(Beginning of Available data)

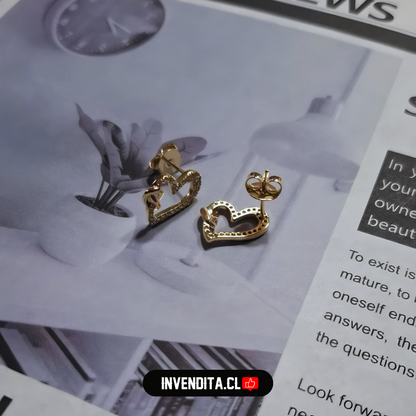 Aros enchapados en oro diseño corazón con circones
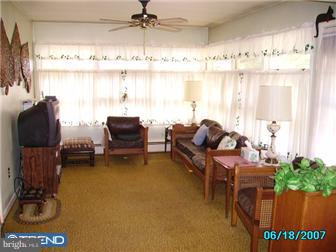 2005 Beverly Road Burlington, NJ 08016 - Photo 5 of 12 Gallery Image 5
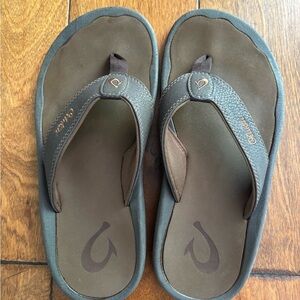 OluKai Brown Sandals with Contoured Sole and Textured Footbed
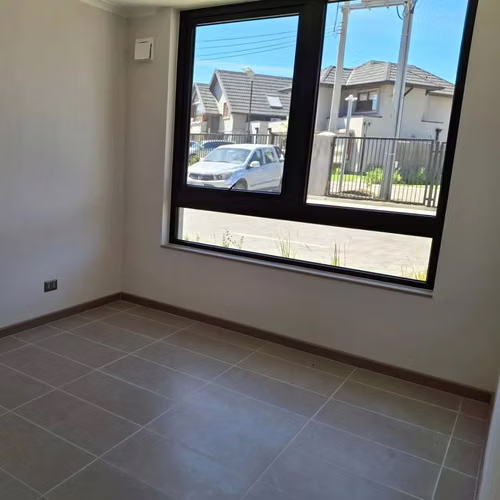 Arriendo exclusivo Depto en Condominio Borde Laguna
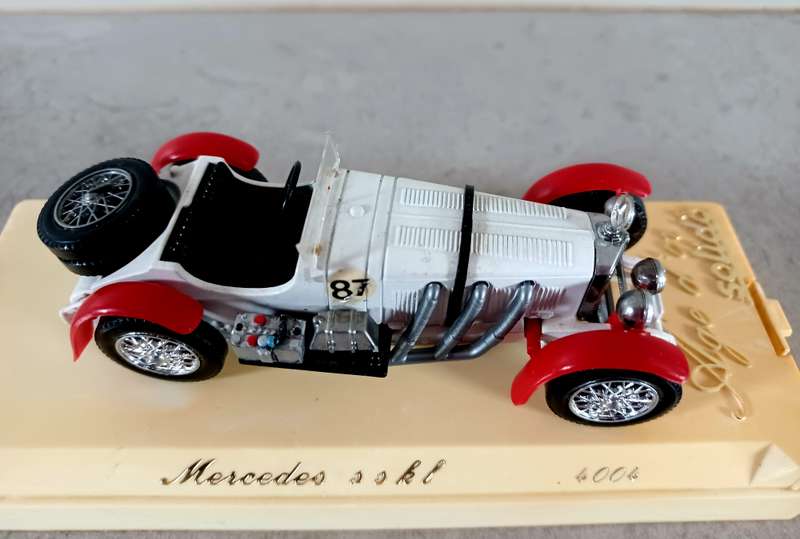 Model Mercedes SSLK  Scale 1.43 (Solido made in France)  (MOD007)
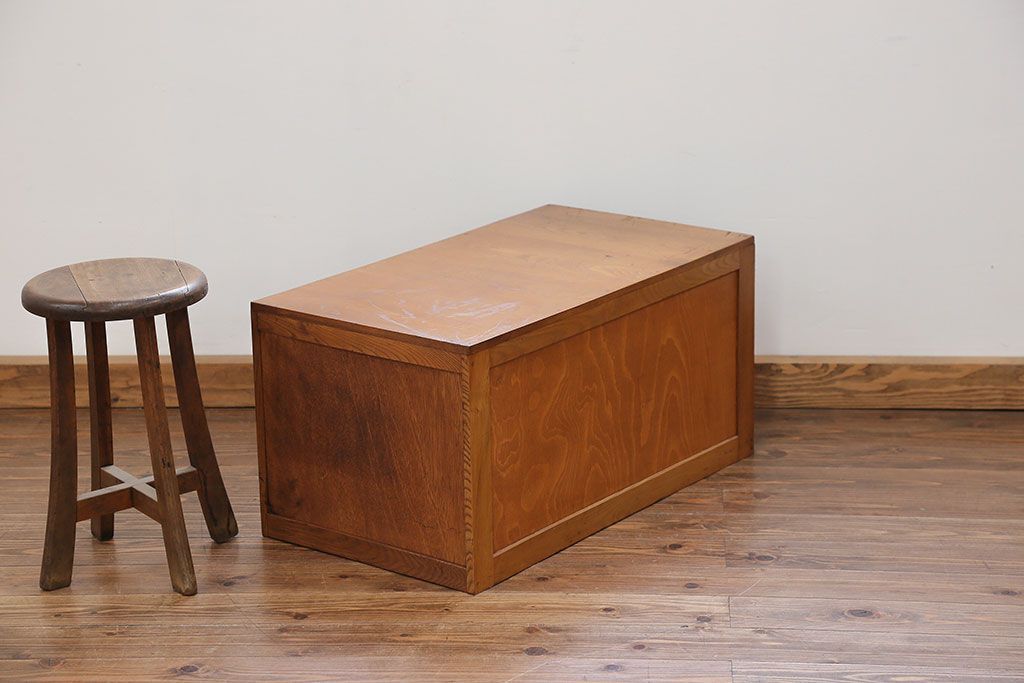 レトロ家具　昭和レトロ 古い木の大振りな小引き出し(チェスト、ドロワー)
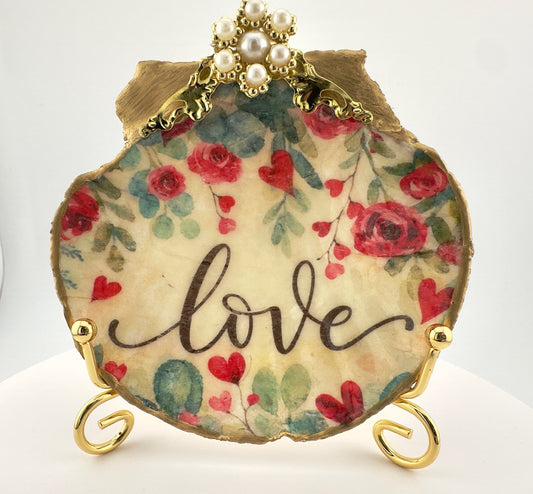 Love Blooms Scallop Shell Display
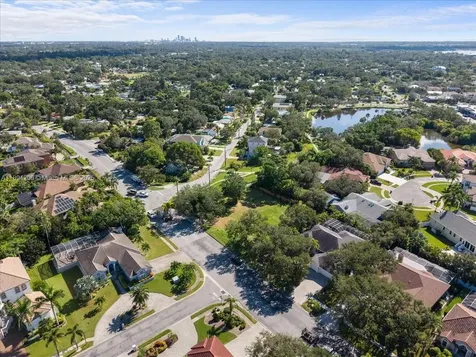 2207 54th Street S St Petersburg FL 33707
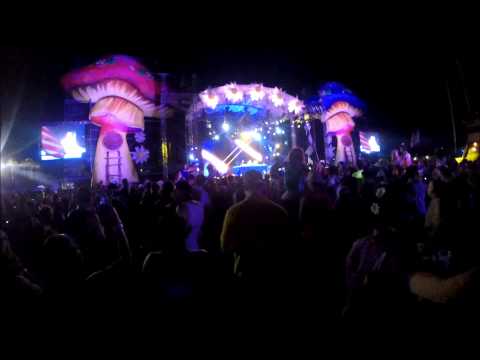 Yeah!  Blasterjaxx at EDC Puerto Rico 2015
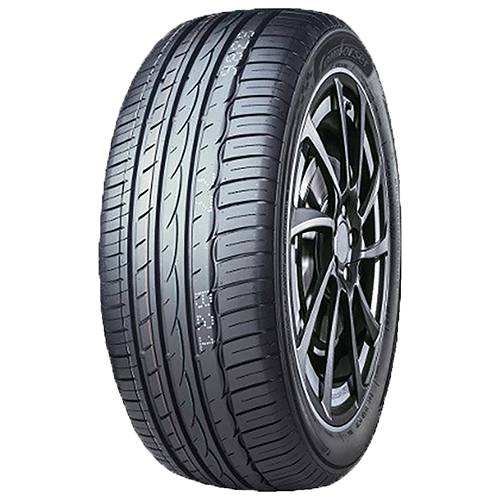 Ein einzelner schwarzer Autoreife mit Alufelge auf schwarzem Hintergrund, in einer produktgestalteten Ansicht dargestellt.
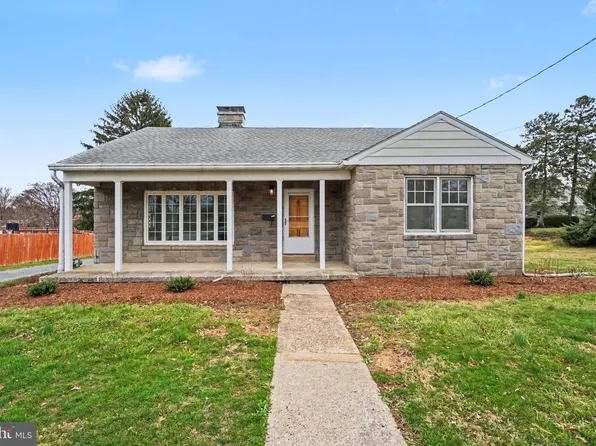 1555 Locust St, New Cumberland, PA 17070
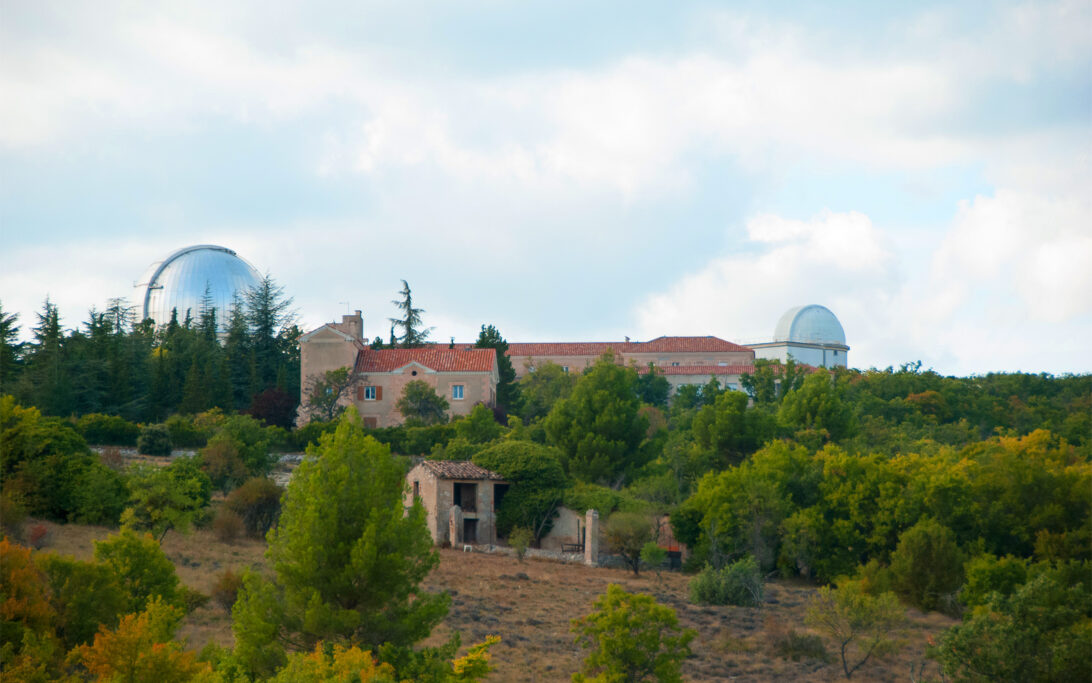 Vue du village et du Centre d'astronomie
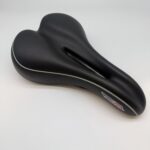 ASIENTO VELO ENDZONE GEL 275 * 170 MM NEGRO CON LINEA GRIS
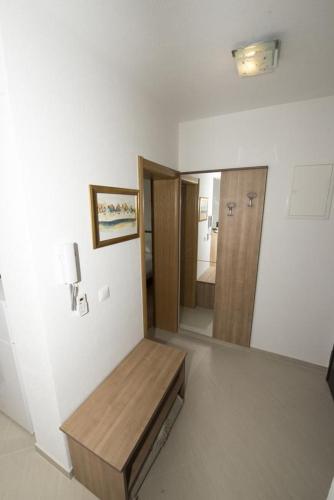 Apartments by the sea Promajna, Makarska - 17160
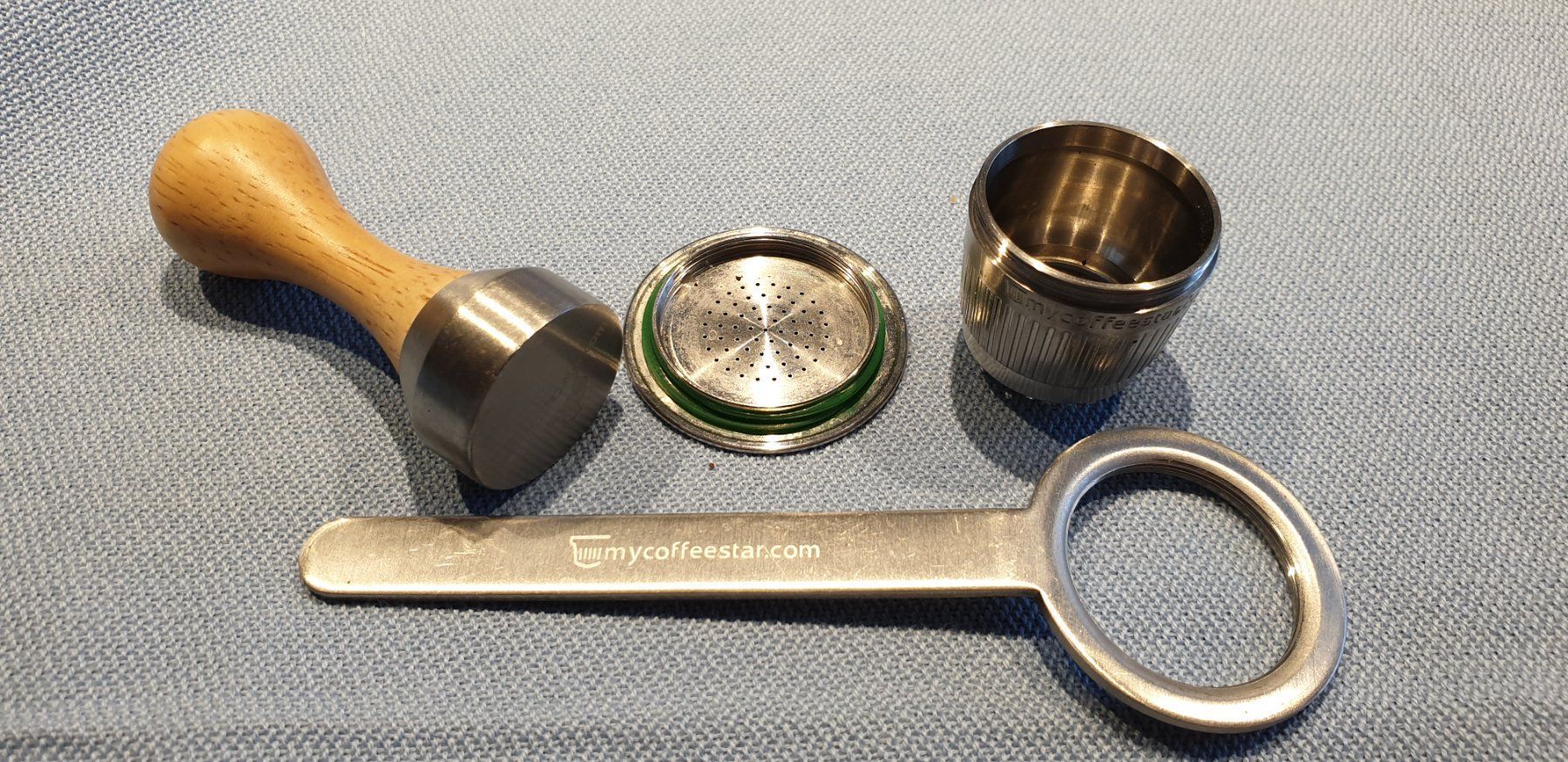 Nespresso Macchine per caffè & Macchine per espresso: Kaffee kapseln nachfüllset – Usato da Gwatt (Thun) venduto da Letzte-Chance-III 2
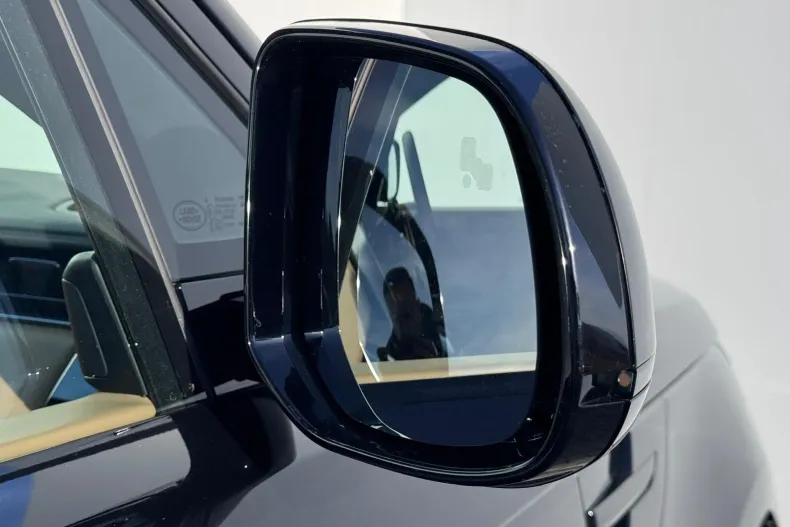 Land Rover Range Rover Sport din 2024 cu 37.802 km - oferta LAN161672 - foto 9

(End of Available data)

▶ Prompt
Among the records above, locate the line containing "2207 54th Street S St Petersburg FL 33707" and the line containing "Nespresso Macchine per", then transcribe exactly the lines starting at the first and ending at the second, with no pictures.

▶ Solution to this task
 2207 54th Street S St Petersburg FL 33707
 Yeah!  Blasterjaxx at EDC Puerto Rico 2015
 Ein einzelner schwarzer Autoreife mit Alufelge auf schwarzem Hintergrund, in einer produktgestalteten Ansicht dargestellt.
 1555 Locust St, New Cumberland, PA 17070
 Vue du village et du Centre d'astronomie
 ASIENTO VELO ENDZONE GEL 275 * 170 MM NEGRO CON LINEA GRIS
 Apartments by the sea Promajna, Makarska - 17160
 Nespresso Macchine per caffè & Macchine per espresso: Kaffee kapseln nachfüllset – Usato da Gwatt (Thun) venduto da Letzte-Chance-III 2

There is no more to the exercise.